▶ DATA BLOCK:
╭──

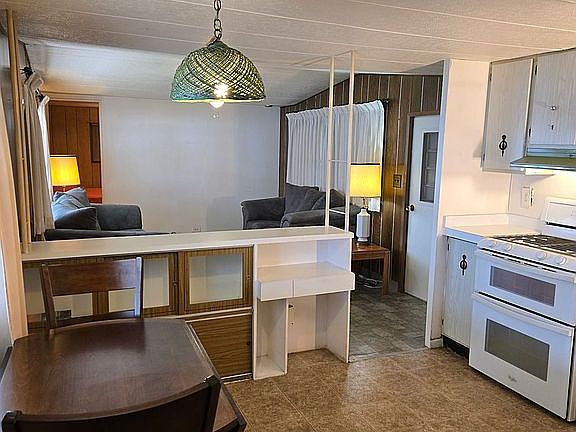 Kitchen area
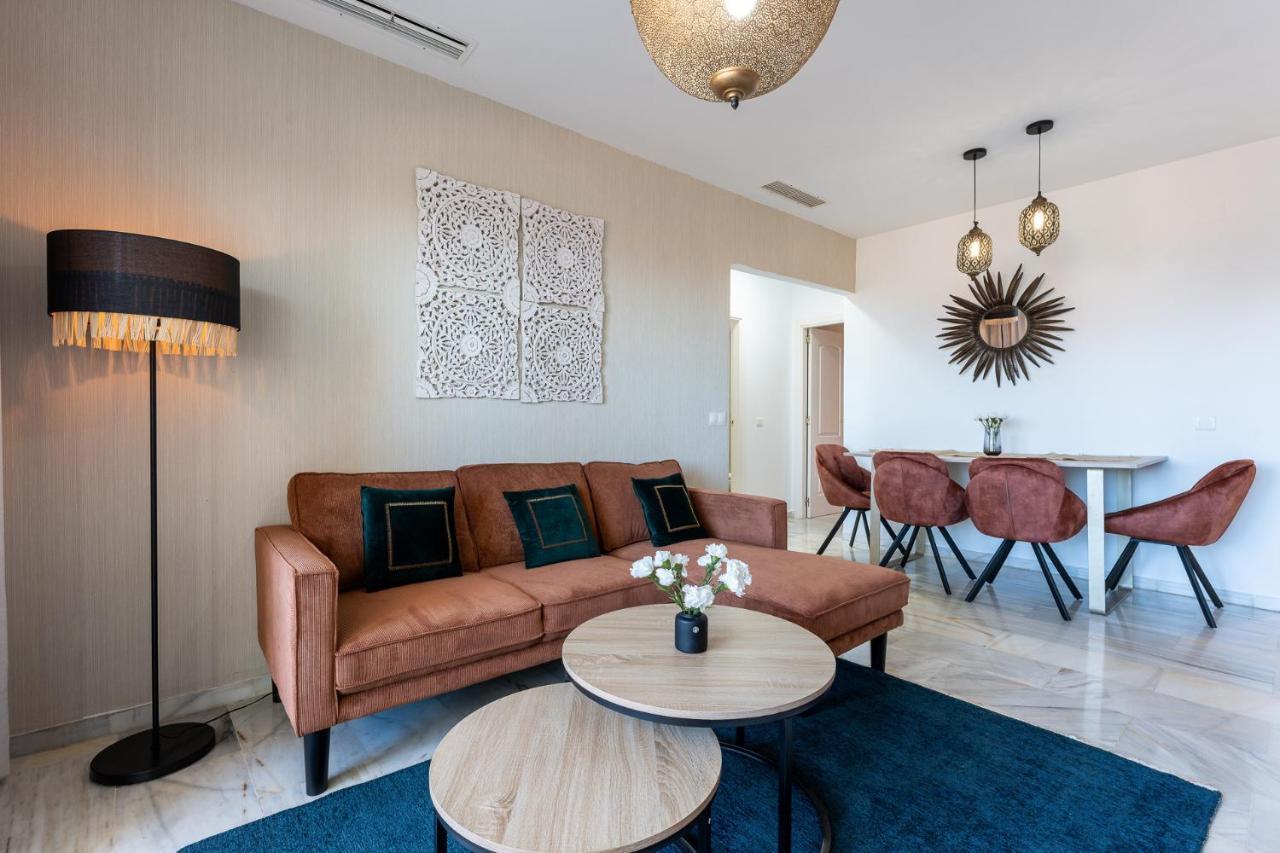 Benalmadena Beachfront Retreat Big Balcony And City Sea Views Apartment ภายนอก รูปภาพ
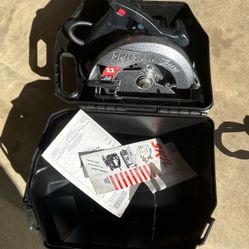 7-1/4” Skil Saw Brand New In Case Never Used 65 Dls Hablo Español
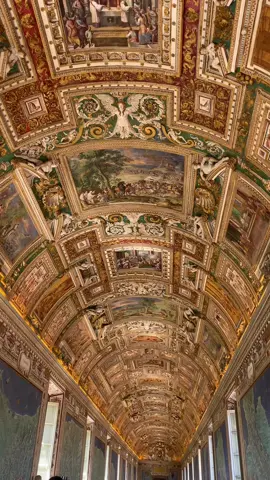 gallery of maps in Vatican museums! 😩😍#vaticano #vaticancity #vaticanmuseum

╰──

▶ PROBLEM TO WORK ON:
Every line from the one containing "Benalmadena Beachfront Retreat" through the last line of the listing must be written out again exactly, and no other line. Leave the pictures aside.

▶ OUTPUT FOR THIS TASK:
 Benalmadena Beachfront Retreat Big Balcony And City Sea Views Apartment ภายนอก รูปภาพ
 7-1/4” Skil Saw Brand New In Case Never Used 65 Dls Hablo Español
 gallery of maps in Vatican museums! 😩😍#vaticano #vaticancity #vaticanmuseum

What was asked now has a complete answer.